-- TASK DETAILS --
In the records below, find the line that contains "Item preview, Raglan". Retype that line and all the lines after it through the end, leaving out the pictures.
-----
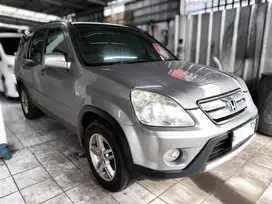 Honda CR-V 2.4L Matic 2005 Abu Abu Istimewa Rawatan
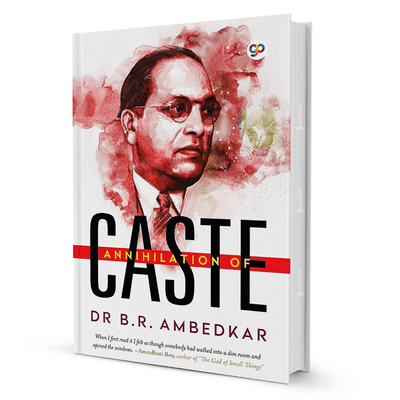 Annihilation of Caste book cover by Dr B R Ambedkar, self-help genre, Sri Lanka online bookstore
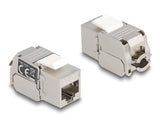 Delock 87856 Módulo Keystone Rj45 Hembra A Lsa Cat.6a Con Led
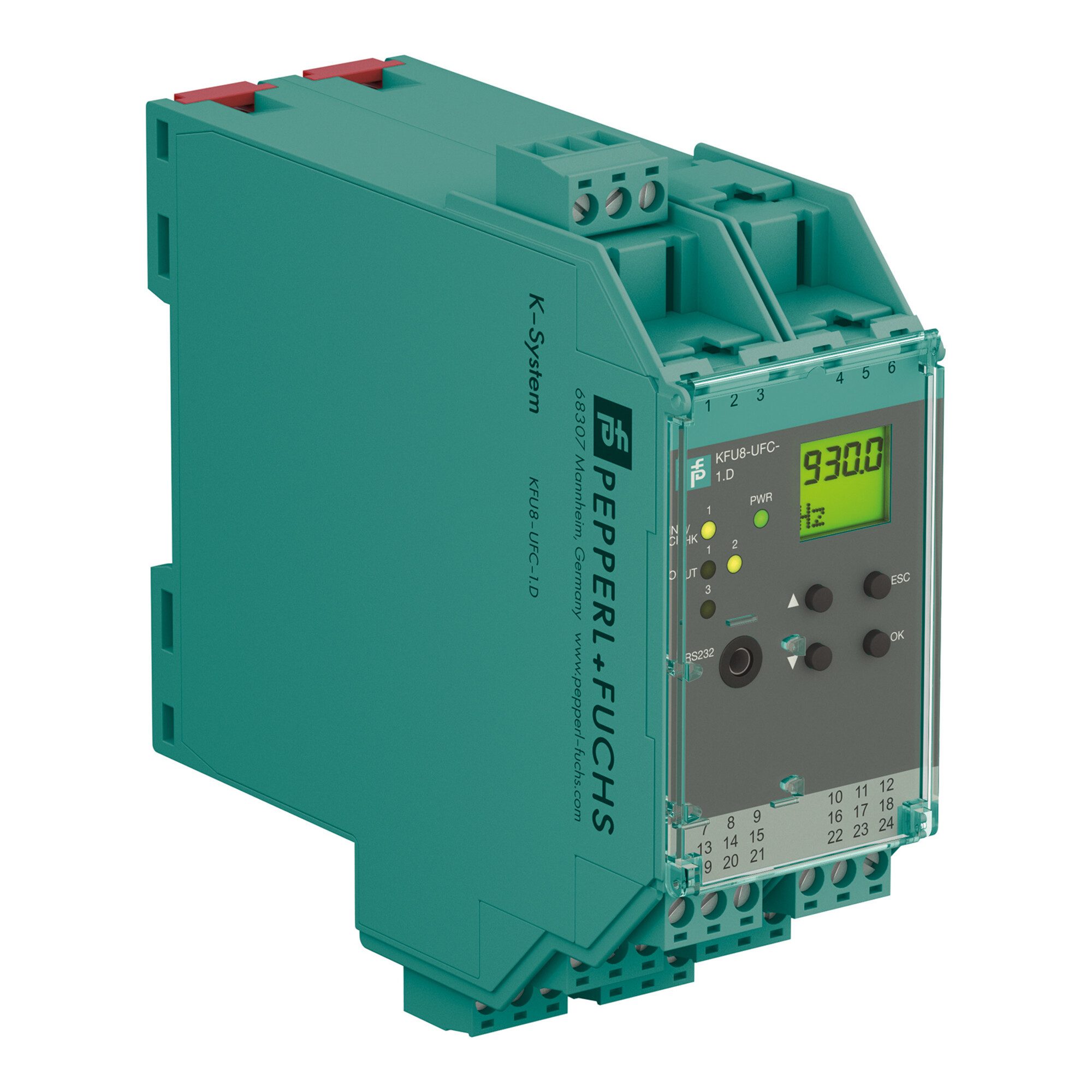 PEPPERL+FUCHS Pepperl+Fuchs Fabrik Frequenzumsetzer KFU8-UFC-1.D Smart-Home-Steuerelement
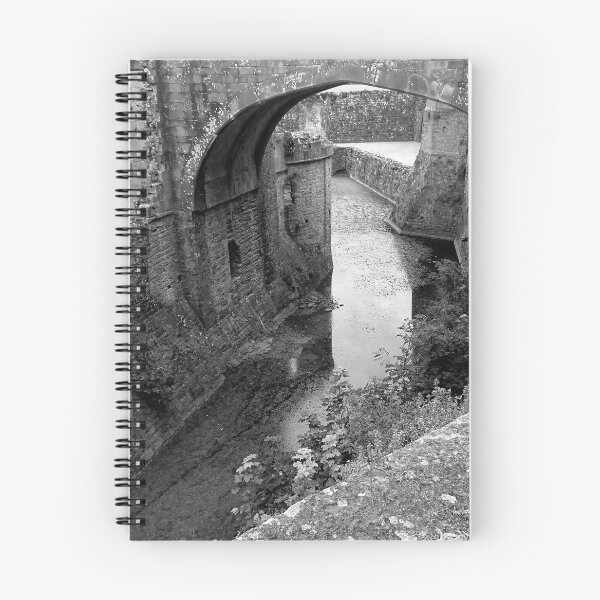 Item preview, Raglan Castle Moat and Bridge, South Wales designed and sold by CloneDigitalArt.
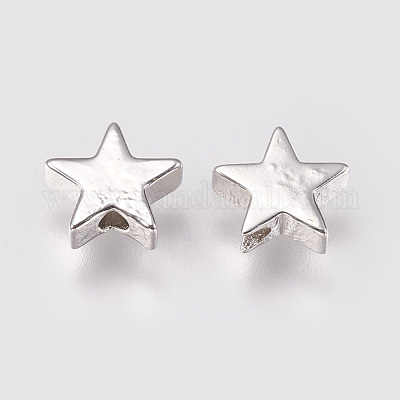 Латунные бусины&nbsp;KK-E735-28P-1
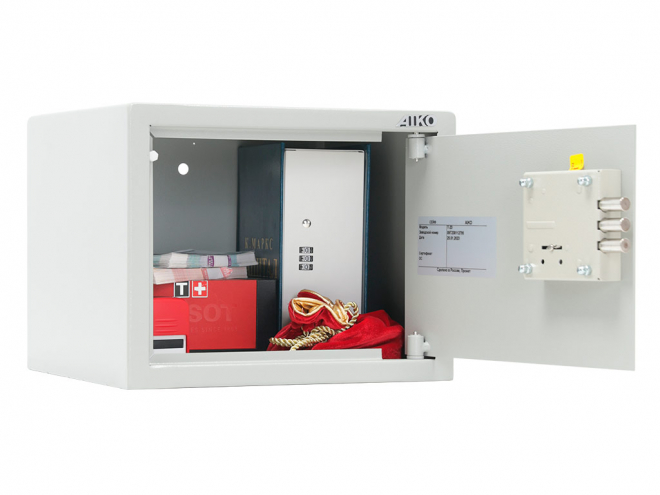 Маленький мебельный сейф AIKO T 23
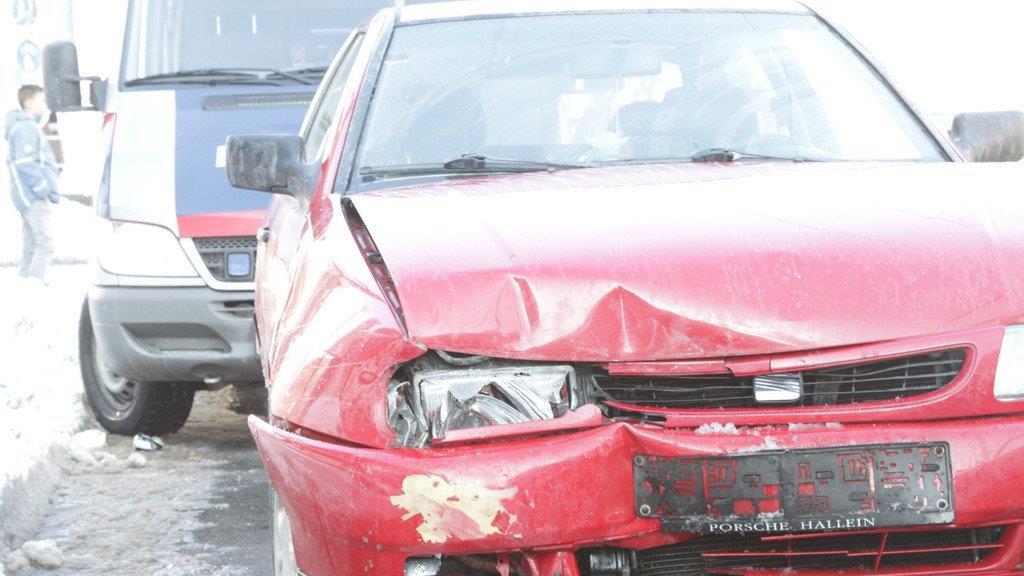 Crash auf Alpenstraße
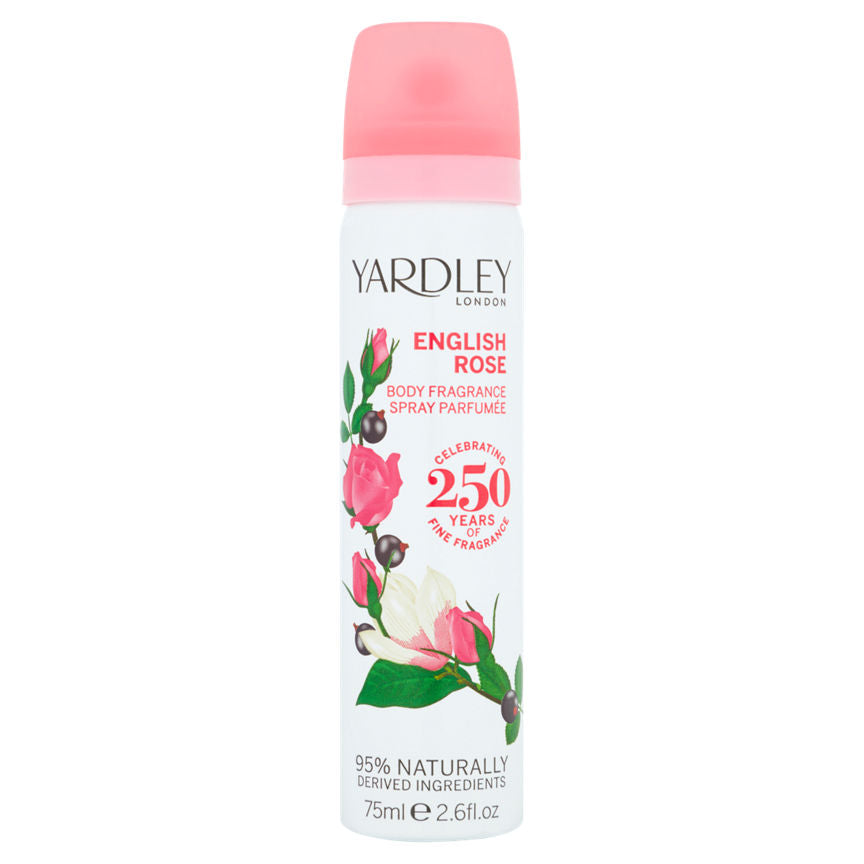 Yardley London English Rose Deodorising Body Fragrance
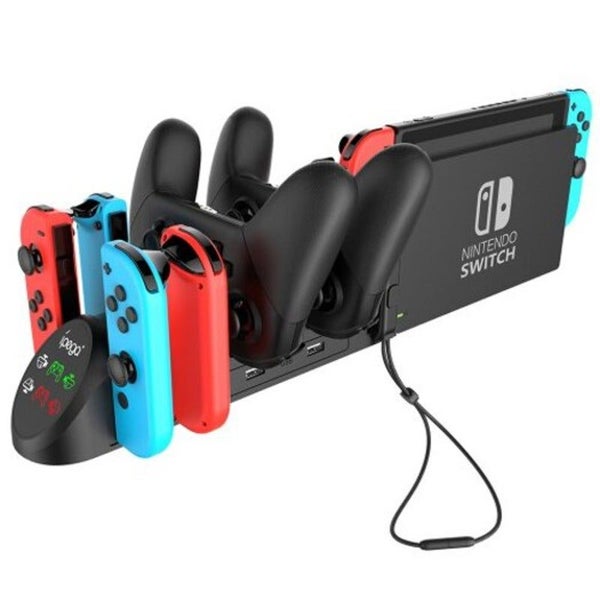 Hod Health And Home 9187 Motorcycle 6 In Charging Base Dock For Nintendo Switch Carousel 2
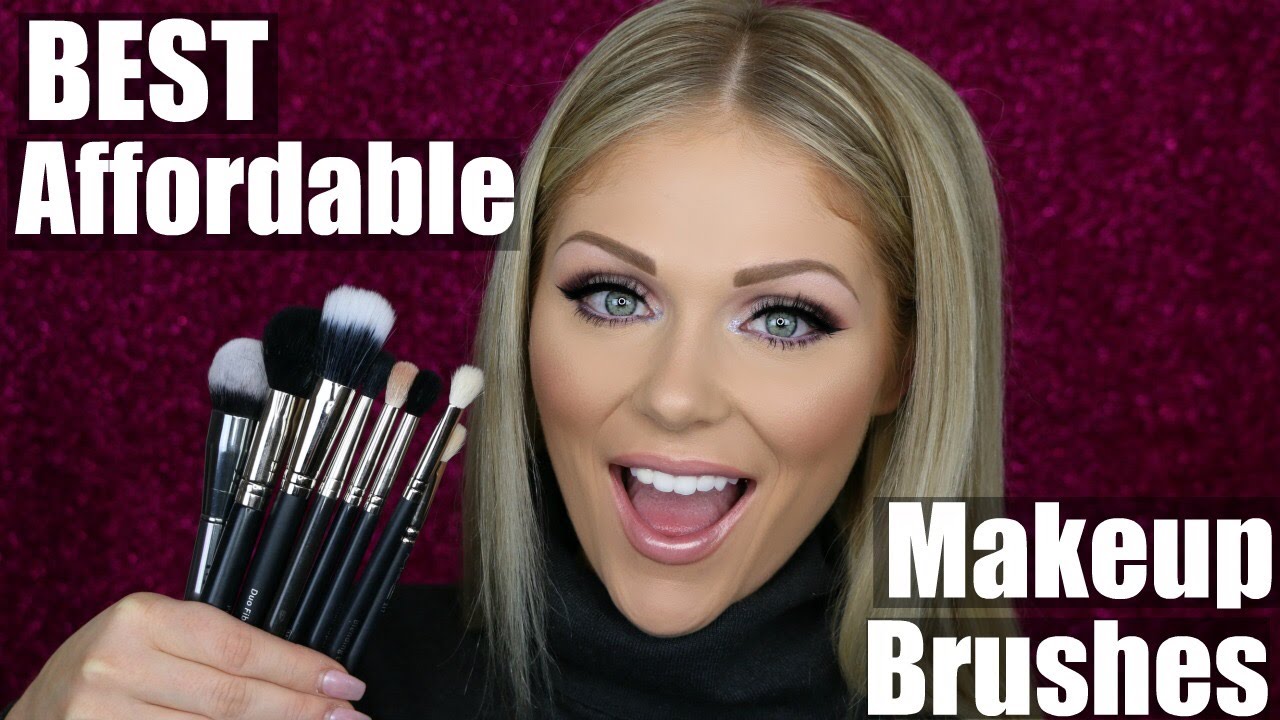 Best Affordable Makeup Brushes Mac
-----
-- ANSWER --
 Item preview, Raglan Castle Moat and Bridge, South Wales designed and sold by CloneDigitalArt.
 Латунные бусины&nbsp;KK-E735-28P-1
 Маленький мебельный сейф AIKO T 23
 Crash auf Alpenstraße
 Yardley London English Rose Deodorising Body Fragrance
 Hod Health And Home 9187 Motorcycle 6 In Charging Base Dock For Nintendo Switch Carousel 2
 Best Affordable Makeup Brushes Mac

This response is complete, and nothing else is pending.